As I was cycling home the other night I came across a few of my fellow students from the Yale School of Forestry and Environmental Studies. Several of them asked me: Where is your bike helmet?
I get this question a lot. I have made a careful and conscientious choice to not wear a helmet when I’m cycling in urban areas because I strongly believe that it will help improve the overall safety of cycling in the long run.
It’s an unintuitive position to take. People have tried to reason with me that because I’ve spent so much money and time developing my brain, and the cost of an injury would be so devastating, it’s clearly more important to wear a helmet. But if we start looking into the research, there’s a strong argument to be made that wearing a bike helmet may actually increase your risk of injury, and increase the risk of injury of all the cyclists around you.
Why doesn’t everybody wear a helmet?
Let’s first get one thing out of the way: if you get into a serious accident, wearing a helmet will probably save your life. According to a 1989 study in the New England Journal of Medicine, riders with helmets had an 85% reduction in their risk of head injury and an 88% reduction in their risk of brain injury. That’s an overwhelming number that’s backed up study after study. Nearly every study of hospital admission rates, helmeted cyclists are far less likely to receive serious head and brain injuries. These studies confirm what we feel when we’re out for a spin on our bikes: We are exposed. Vulnerable. Needing of some level of protection.

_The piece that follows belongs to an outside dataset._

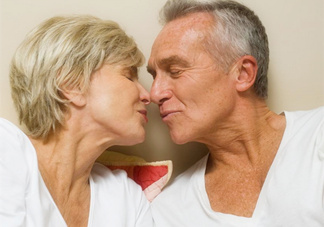 婚外情如何調(diào)查取證？網(wǎng)絡(luò)聊天記錄屬于婚外情證據(jù)嗎？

Sharing (or wrestling) road space from a never-ending stream of one-tonne metal vehicles can be very intimidating. As a cyclist you are completely exposed. Cars and trucks are constantly zipping around you and there is no metal cage around you to protect yourself. So a helmet provides a level of protection from this danger. It makes you feel safer.
But a broader look at the statistics show that cyclists’ fear of head trauma is irrational if we compare it to some other risks. Head injuries aren’t just dangerous when you’re biking—head injuries are dangerous when you’re doing pretty much anything else. There’s ample evidence showing that there’s nothing particularly special about cycling when it comes to serious head injuries.
In 1978 a team of scientists undertook an epidemiological study of head injuries in the San Diego area. As part of that study they looked at the overall causes of head injury by transportation type.
Here’s what they found:
Over half of all head injuries occur in motor vehicles and more people were hospitalized after walking down the street than riding on a bicycle. Consider another statistic: According to a 2006 French study, pedestrians are 1.4 times more likely to receive a traumatic brain injury than unhelmeted cyclists. We can also approach it from the perspective of injuries per million hours from a 1996 Australian study looking at head injury risk before the beginning of any helmet laws:
Risk of head injury per million hours travelled
- Cyclist - 0.41
- Pedestrian - 0.80
- Motor vehicle occupant - 0.46
- Motorcyclist - 7.66
In each of these three examples we see that cyclists are not the group at highest risk for serious head injury.
Let's be clear. I am NOT trying to say that studies definitively show that cycling is safer than driving or walking. The studies that are out there give us mixed messages about the relative safety of the different modes of transport. What I am saying is that these statistics raise an interesting question: If we're so concerned about head injuries, why aren't we wearing helmets all the time? Why do places that have mandatory helmet laws for cyclists not have them for drivers or pedestrians? The same 1996 Australian study suggests that a mandatory helmet law for motor vehicle occupants could save seventeen times more people from death and serious head injury than a similar law for cyclists.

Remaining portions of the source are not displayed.